What are you hoping to play? Country strumming and playing the melody on Christmas carol arrangements work best on different guitars. 

j


----------



## Greg Ellis (Oct 1, 2007)

I don't think you need to spend anywhere near $600 to find a good quality starter guitar. 

Yamaha makes some of the very best in this category. They have a knack for eliminating money-wasting bling to focus on good quality at an affordable price, and have some very nice instruments in the $200-250 range that play very well and sound great too.

If you know anyone who has played acoustic guitar for some years, it might be helpful to take them with you to the store and help you evaluate the available models that fit into your price range.


----------



## Stephenlouis (Jun 24, 2019)

A guitar has to be pretty bad ( and they are out there) to be the root cause of playability issues. Neck preference is a personal choice, I have very slim Ovations to very fat Ryoji's. I would go to your local big-box guitar store like L&M and try a bunch to get an idea of what your hand likes. Your budget will get you a very nice guitar, Everyones recommends above I agree with too, and you can not go wrong with a solid top Yamaha.


----------



## Steadfastly (Nov 14, 2008)

Just one more suggestion. If you find a new guitar you like, you might want to check if there are some used ones in your area. A lot of used guitars are in mint shape for 1/2 the price of a new one. If you are interested in saving a few hundred, it would be worth a look. A guitar a few years older will sound better than a new one as well.


----------



## Cardamonfrost (Dec 12, 2018)

Any cheap Yamaha, laminate top (super important for a beginner) with a good setup. 150$ guitar, 50$ setup. Light or med light strings. Quality gig bag.

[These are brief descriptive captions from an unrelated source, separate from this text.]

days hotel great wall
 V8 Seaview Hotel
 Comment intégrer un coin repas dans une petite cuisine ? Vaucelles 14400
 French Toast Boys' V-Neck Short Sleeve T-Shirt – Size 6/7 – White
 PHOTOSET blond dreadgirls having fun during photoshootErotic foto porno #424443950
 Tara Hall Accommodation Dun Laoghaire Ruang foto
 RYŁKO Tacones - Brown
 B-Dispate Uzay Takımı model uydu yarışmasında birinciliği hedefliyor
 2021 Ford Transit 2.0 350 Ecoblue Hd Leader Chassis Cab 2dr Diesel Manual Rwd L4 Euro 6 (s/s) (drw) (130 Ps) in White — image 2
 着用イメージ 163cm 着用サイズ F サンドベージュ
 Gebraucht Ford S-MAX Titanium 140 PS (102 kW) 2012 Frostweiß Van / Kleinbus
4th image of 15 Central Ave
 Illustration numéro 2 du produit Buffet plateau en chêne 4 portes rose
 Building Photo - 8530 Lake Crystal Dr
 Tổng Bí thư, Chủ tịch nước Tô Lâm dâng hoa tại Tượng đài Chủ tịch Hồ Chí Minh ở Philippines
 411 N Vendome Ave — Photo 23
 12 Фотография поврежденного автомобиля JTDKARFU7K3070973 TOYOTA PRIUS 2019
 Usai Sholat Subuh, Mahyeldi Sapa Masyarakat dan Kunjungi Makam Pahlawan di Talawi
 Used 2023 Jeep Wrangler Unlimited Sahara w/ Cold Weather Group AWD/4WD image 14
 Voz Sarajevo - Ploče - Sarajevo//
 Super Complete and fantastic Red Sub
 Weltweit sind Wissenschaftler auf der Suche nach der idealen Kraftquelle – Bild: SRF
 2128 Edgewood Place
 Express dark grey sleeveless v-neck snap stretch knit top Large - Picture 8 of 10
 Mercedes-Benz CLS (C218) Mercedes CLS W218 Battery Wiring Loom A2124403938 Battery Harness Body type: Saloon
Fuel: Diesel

The top and bag are important - winter lessons, campfires, school use, etc.
C


----------



## brucew (Dec 30, 2017)

cboutilier said:


> This. Or a Yamaha F series.


This or a tanglewood twr dce /similar. That or a nice yamaha can be had brand new for 300 bucks. Have one of each, play them all the time.

While not as popular a nice used ovation can be found in pawn shops for very reasonable and they play beautifully imo.


----------